A julgar pelos últimos acontecimentos recheados de má sorte (não uso aquela palavra que é o sinônimo) que me perseguiram nos últimos dias, arrisco …

A julgar pelos últimos acontecimentos recheados de má sorte (não uso aquela palavra que é o sinônimo) que me perseguiram nos últimos dias, arrisco compartilhar com vocês que o mês de agosto ainda não terminou. Tanta encrenca pequeninha, tanto desencontro, tanto aparelho doméstico estragando, tanto atendente de mau humor. Fatos que terminam estragando os meus dias e até mesmo perturbando o sono da noite. E afastando a vontade de programar um lazer extra no final de semana. Dizem que agosto é o mês do cachorro louco, respaldado por alguns acontecimentos, e pressuponho que o meu está se arrastando mais do que o necessário (ops, perdão pelo gerúndio).
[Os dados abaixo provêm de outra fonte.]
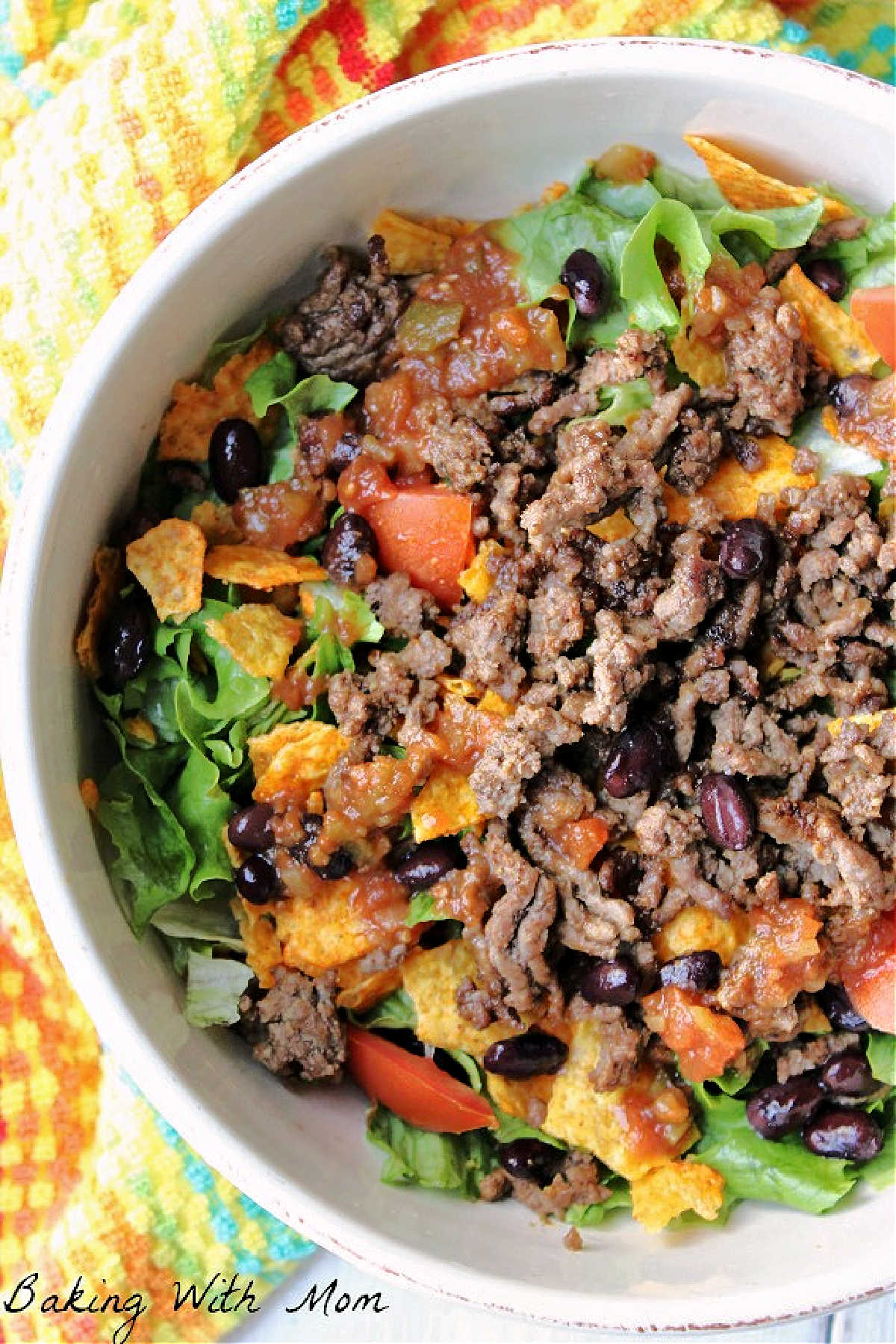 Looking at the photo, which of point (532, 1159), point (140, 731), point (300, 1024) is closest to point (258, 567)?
point (140, 731)

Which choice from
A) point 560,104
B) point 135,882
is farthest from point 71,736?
point 560,104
Vamos ver se ajudo a lembrar porque agosto carrega este apelido assim tão pouco carinhoso. A Primeira Guerra Mundial começou em 1º de agosto de 1914. Hiroshima e Nagasaki foram atacadas pelos norte-americanos com bombas nos dias 6 e 9 de agosto de 1945 (Segunda Guerra Mundial). Foi em agosto, no dia 2 de 1934, que Adolf Hitler se tornou o chefe de Estado da Alemanha. Comentam também que no oitavo mês do ano, a concentração de cadelas no cio aumenta bastante devido às condições climáticas. Evidente que, se as cachorrinhas entram no seu período fértil, os caninos ficam loucos (mesmo) e brigam para conquistar sua cadelinha. A busca feroz dos machos os deixa com raiva, doença transmitida pela saliva do bicho. Uma vez infectados pela raiva, os cães babam muito e ficam com aparência de loucos.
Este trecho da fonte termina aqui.